News story
By Mark Zaborney
Blade Staff Writer
Grover H. Baldwin, a former University of Toledo professor and department chairman, who was a Vietnam War veteran and became a schoolteacher, a principal, and then an academic, died Monday in ProMedica Ebeid Hospice Residence. He was 79.
He had mantle cell lymphoma the last 10 years, his wife, Lynn Baldwin, said. Non-Hodgkin's lymphomas are among the types of cancer that the U.S. Department of Veterans Affairs presumes were caused by exposure to Agent Orange, which was used in the Vietnam War, according to the VA website.
Mr. Baldwin left UT in 1999 and the couple, formerly of Sylvania, moved to Olathe, Kan., so that Mrs. Baldwin could care for her father. They returned in 2011 and settled in the Old West End.
"We missed our family," Mrs. Baldwin said.
As Mr. Baldwin pursued advanced degrees, his goal was to be a professor, Mrs. Baldwin said. UT hired him in 1992 as the educational leadership department chairman. He had previously been at Pittsburg State University in Kansas and Indiana State University.
"My husband was a very good researcher," said Mrs. Baldwin, a retired principal. "He believed as I do that kids come first and we have to teach our teachers and principals how to put students first."
Mr. Baldwin's UT arrival came after several faculty retirements and amid a successful effort to maintain the department's status, said James Piper, a professor in the department who retired at the end of 1999.
"As department chairman, you serve two masters - the members of the department and you're trying to get enough resources from the college and the university to maintain successes," Mr. Piper said. "I thought he did fine. He was personable."
He found his work with doctoral students satisfying and helped them find positions afterward. He took part in a program that brought doctoral students from former Soviet republics to UT.
He also taught the intricacies of school law that aspiring administrators needed to know.
"He really enjoyed his time at UT," his wife said. "He was able to hire some remarkable faculty during his seven years there.

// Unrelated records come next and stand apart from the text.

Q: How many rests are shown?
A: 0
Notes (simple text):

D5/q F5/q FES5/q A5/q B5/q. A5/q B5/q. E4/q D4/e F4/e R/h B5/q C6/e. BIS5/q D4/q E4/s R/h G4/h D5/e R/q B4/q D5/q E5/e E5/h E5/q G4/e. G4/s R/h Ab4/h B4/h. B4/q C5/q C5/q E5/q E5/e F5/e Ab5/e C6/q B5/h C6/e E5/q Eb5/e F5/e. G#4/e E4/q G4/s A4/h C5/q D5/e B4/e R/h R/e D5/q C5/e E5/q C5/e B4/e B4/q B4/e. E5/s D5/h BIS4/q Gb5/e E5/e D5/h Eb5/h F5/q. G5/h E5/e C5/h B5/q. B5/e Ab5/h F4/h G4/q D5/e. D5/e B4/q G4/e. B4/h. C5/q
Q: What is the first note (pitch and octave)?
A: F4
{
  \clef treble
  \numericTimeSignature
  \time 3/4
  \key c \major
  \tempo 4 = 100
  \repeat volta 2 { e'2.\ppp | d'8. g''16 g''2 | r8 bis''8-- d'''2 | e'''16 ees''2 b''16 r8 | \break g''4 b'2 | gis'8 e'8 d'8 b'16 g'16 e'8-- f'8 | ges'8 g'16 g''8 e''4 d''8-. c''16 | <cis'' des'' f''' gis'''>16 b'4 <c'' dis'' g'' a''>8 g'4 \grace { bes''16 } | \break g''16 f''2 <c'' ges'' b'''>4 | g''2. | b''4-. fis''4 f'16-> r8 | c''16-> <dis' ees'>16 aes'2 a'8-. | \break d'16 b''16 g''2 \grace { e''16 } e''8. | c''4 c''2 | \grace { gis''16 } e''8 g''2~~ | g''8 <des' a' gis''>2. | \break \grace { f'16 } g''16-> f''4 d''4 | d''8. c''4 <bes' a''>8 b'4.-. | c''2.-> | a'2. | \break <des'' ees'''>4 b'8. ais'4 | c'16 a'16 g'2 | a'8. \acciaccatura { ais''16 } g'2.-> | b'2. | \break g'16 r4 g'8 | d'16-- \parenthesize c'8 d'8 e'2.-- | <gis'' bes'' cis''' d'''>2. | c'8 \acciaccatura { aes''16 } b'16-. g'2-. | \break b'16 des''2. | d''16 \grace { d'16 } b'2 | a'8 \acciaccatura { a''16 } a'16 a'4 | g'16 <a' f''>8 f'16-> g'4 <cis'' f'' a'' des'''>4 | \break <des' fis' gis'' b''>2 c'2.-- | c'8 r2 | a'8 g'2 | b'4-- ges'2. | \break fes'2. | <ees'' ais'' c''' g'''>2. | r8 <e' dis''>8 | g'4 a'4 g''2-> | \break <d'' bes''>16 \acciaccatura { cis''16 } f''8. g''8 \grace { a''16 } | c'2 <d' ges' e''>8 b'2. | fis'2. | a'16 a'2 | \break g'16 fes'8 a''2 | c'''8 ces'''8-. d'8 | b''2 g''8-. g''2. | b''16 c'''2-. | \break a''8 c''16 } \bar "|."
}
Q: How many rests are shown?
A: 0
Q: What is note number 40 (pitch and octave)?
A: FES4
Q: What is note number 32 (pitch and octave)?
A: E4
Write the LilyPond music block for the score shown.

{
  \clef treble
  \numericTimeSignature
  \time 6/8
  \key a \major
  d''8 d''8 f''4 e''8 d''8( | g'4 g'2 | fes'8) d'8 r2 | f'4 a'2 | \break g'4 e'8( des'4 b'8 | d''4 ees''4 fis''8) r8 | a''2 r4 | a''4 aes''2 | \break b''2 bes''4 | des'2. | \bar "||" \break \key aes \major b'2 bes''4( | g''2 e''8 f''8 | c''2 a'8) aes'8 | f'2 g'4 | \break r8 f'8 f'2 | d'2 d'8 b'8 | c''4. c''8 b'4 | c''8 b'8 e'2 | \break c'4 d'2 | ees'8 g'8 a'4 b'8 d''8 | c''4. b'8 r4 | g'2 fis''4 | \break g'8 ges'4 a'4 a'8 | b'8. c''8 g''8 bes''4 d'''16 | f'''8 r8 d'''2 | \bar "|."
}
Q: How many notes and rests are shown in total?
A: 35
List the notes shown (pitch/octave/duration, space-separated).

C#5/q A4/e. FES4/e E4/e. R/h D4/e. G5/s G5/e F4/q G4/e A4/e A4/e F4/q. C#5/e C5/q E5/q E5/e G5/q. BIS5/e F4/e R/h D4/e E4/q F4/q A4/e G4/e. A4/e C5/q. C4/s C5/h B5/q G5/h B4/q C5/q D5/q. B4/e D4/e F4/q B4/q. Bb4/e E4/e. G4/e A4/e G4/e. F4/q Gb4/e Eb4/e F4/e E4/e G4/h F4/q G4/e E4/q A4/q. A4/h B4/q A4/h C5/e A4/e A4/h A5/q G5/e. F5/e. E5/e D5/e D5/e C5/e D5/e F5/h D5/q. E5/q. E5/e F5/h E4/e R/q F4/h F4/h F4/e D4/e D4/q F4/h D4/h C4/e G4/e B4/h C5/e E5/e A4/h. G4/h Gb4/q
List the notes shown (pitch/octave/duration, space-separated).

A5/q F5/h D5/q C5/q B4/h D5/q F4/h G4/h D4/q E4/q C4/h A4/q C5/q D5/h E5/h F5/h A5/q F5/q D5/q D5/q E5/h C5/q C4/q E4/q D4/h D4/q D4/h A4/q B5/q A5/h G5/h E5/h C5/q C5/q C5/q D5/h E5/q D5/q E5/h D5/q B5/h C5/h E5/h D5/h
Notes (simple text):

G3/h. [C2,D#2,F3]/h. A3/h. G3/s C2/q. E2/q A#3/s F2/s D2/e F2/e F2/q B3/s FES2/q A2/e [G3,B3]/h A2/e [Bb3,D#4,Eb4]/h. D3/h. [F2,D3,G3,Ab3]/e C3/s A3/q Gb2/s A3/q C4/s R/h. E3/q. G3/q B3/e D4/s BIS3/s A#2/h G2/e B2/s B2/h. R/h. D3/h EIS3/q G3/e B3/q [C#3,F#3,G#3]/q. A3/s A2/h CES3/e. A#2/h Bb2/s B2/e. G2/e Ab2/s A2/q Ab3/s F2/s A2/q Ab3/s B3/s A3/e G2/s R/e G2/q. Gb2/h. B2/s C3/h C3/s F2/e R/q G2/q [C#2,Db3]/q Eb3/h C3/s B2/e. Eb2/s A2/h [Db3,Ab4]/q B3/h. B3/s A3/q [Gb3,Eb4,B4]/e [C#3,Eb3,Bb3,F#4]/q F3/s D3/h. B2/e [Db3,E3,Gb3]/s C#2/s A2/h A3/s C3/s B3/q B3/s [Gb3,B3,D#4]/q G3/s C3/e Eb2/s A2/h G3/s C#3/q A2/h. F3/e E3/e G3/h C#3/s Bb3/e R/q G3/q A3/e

"He was very student oriented. He was a tough teacher, I can tell you," said Mrs. Baldwin, who was a master's student of his in Kansas. "But he would help you. It meant a lot to him to see people learn."
Grover Henry Baldwin was born Oct. 19, 1942, in Plainfield, N.J., to Norma and Grover Jacob Baldwin. He went to high school in Long Island, N.Y., and to Wittenberg University in Springfield, Ohio, from which he received a bachelor's degree. He continued his studies at Lehigh University in Pennsylvania, from which he had a master's degree and a doctorate in education.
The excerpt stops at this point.